株式会社スグカナエール

柿月籠野(カキヅキコモノ)

どんな願いも、スグカナエール!

 ここは、『ネガッテネせい』のはしっこにある、『株式会社スグカナエール』。

 そして今日は、『株式会社スグカナエール』の設立初日。

 スグカナエール社員たちは張り切って、五十億光年お隣の『チキュー星』から来た注文をさばいていきます。

 オペレーターのオペレッタは、さっそく受けた注文を、発注係のハチューンに伝えます。

「ラーメン一丁! お金一兆! あの子といっちょ! お願いします!」

 ハチューンは注文を繰り返して、間違いの無いよう、しっかりと確認します。

「ラーメン一丁! お金一兆! あの子といっちょ! 了解しました!」

 注文を確認したら、ハチューンは『株式会社スグカナエール』が持つ工場、『ナンデモツクール製造所』に向かい、受注係のジュチューンにそれを伝えます。

「ラーメン一丁! お金一兆! あの子といっちょ! お願いします!」

 ジュチューンも注文を繰り返して、しっかりと確認します。

「ラーメン一丁! お金一兆! あの子といっちょ! 了解しました!」

 注文を確認したら、ジュチューンは『ナンデモツクール製造所』の所長のショチョーンにそれを伝え、工場を動かしてもらいます。
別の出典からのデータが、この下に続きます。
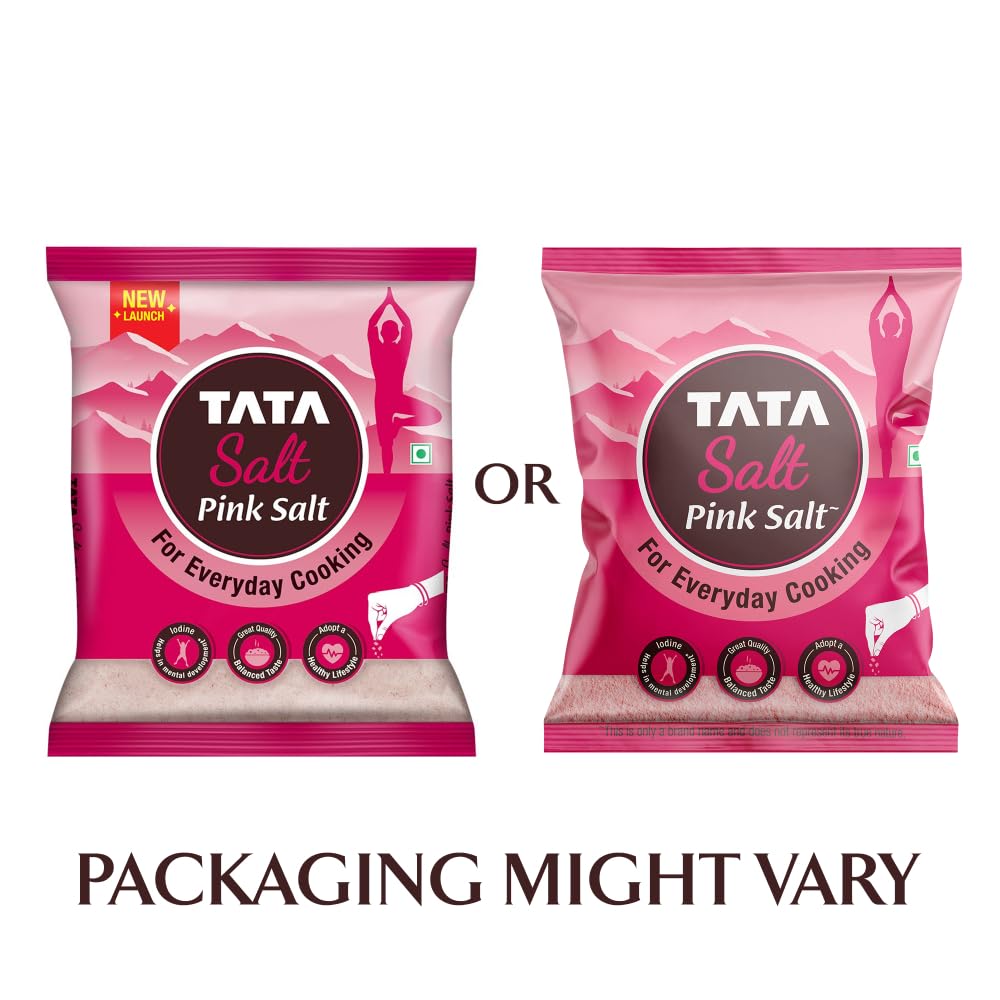 Tata Salt Pink Salt, 1kg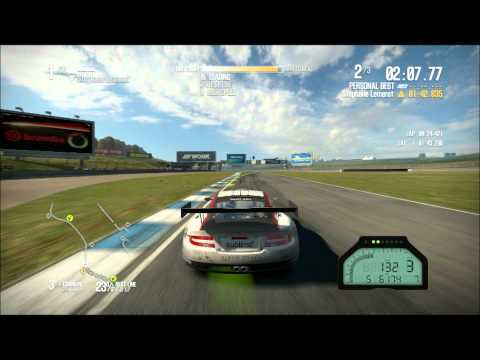 Need for Speed Shift 2 Aston Martin at Doninton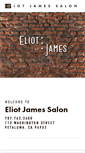 Mobile Screenshot of eliotjamessalon.com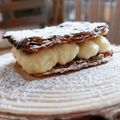 El cooksnap de Toni Martín cuando hizo Conos de hojaldre rellenos de crema pastelera.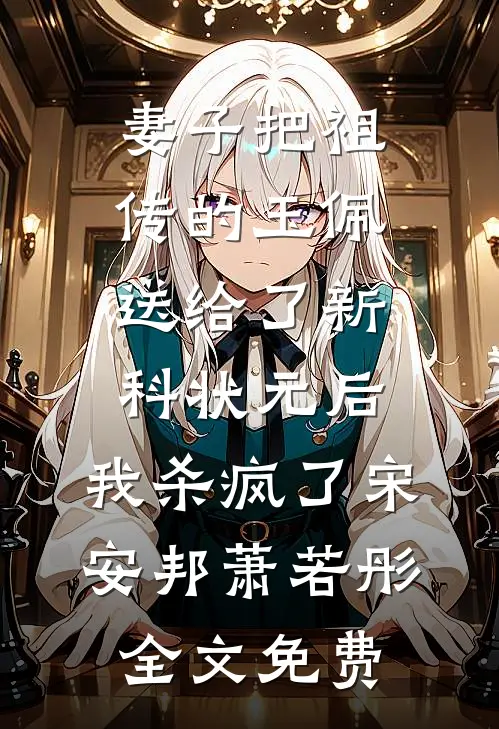 妻子把祖传的玉佩送给了新科状元后，我杀疯了宋安邦萧若彤全文免费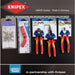 Draper Knipex Profile for Slat Wall - Range Option 3 (11 Piece) Draper - Town Tools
『ナンデモツクール製造所』のモットーは、『早く、速く、丁寧に』です。

『ナンデモツクール製造所』は、受注からなんと二十億年で、高品質なラーメンを一丁、高品質なお金を一兆、高品質なあの子をいっちょ、完成させました。

 発送係のハソーンは、完成した製品が注文と違っていないかや、製品に破損が無いかをしっかりと確認します。

「ラーメン一丁! お金一兆! あの子といっちょ! オーケーです!」

 素敵な製品の準備ができたら、次はとうとう、製品をお客様に届ける段です。

 発送係のハソーンは、『株式会社スグカナエール』が持つ運送会社の『株式会社スグトドケール』の宇宙トラック運転手、ウンテーンシュに、大切な製品を受け渡します。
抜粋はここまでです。